Charlie's "100 Things Posts About Me"
#55. My high school yearbook quote was a Husker Du song lyric.
Okay, so maybe that doesn't make me the
coolest person in the world -- this
blog does, of course, not the yearbook thing -- but I was pretty proud of myself, nonetheless. While all the other kids were making up lame shit, or putting in Bible quotes, or pulling lyrics from lame
Duran Duran or
Rush tunes, I got my motto from the coolest thing to come out of Minnesota since... um, since... okay, let me get back to you on that one. I'll have to check the encyclopedia to see whether anything cool ever came out of there before Bob Mould and the boys.
(Did the
Replacements come first? They'd qualify for
sure, but I'm not sure which band rocked and rolled before the other. Oh, and don't give me any shit about
Prince. Sorry, TAFKA
Prince. (Hey, if he can drop the whole name, I can acronymize the explanation part. Anyway, he doesn't need that 'The Artist Formerly...' crap. I've come up with a pronunciation for his little symbol, so we can all call him something much shorter again. It's 'Wha'. Just call him, 'Wha'. If you have any trouble with it, just remember that it's short for '
Wha' the hell happened to my fucking career? Hello? Is anybody still paying attention to me?' That oughta help.)

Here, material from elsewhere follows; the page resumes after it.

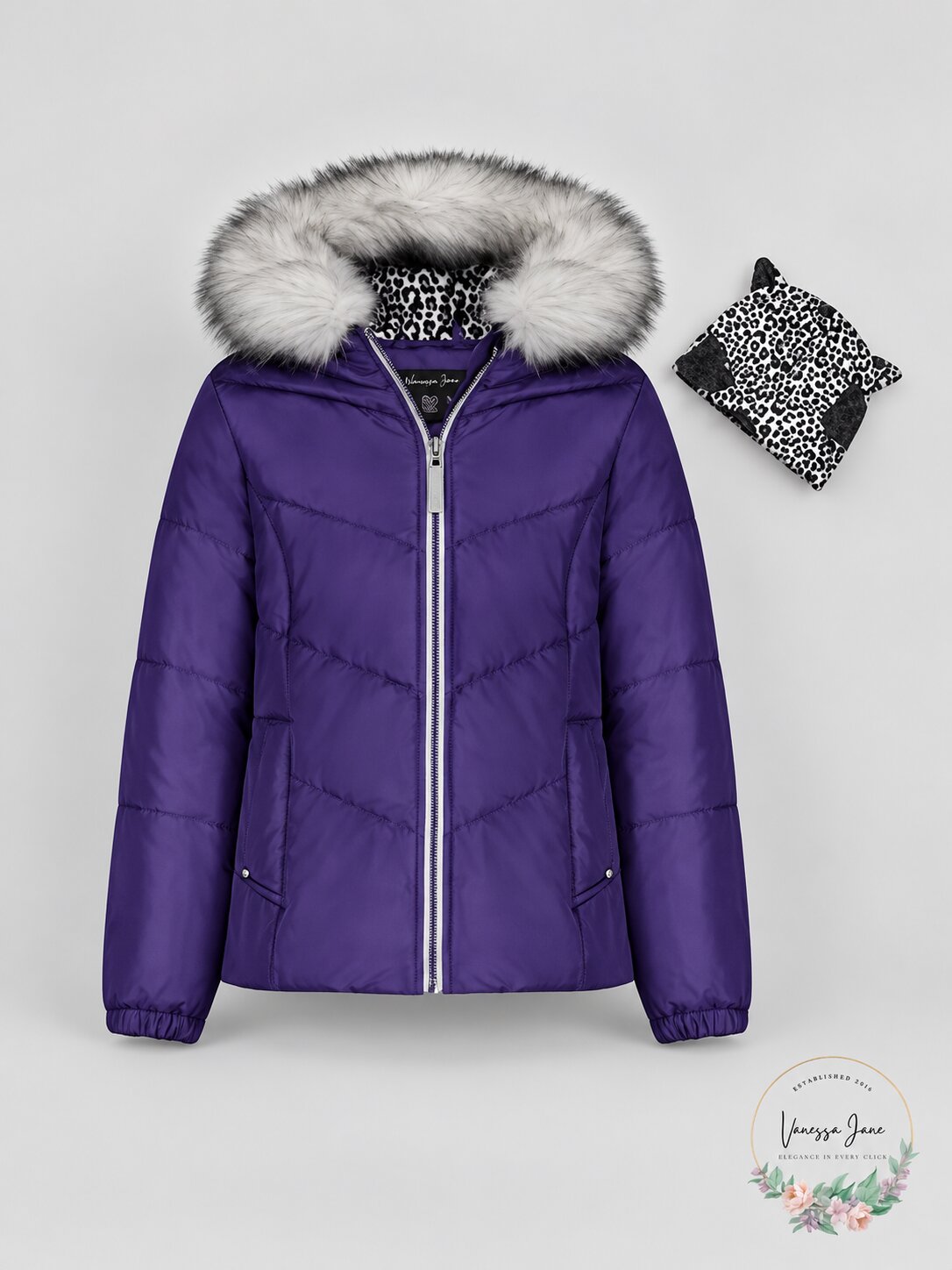Weathertamer Big Girls Puffer Coat With Hat, Size S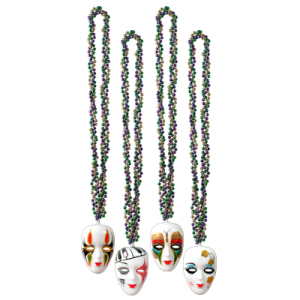 BRAIDED BEADS W/MIME MEDALLION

Anyway, for all (two) of you who are just
dying to know what my quote was, I'll tell you. It's from the song '
These Important Years', on the album
Warehouse: Songs and Stories. (Which, by the way, I
highly recommend, even fifteen or so years later. Husker Du kicked
ass!)
So, the quote I liked is just before one of the choruses, and it goes like this:
If you don't stop to smell the roses now, they might end up on you.
Of course, I thought it was
exceptionally clever. The song -- if you're not familiar with it -- is about appreciating your youth, and being thankful for what you have, and realizing that you've got it pretty damned good, and not to get caught up in all the day-to-day drama and unimportant shit. And the line above is a perfect summary -- there's metaphor, and a familiar saying, and the suggestion that worrying too much may ultimately kill you, and then the roses you never stopped to smell will be adorning your grave. It's all
very poignant and poetic, no? Oh, and
deep. Don't forget deep. It's
deeeeep, man.
So, of course, nobody fucking got it.
I walked around in the last month of high school
explaining the quote to every dimwitted nimbulb who read it in the yearbook.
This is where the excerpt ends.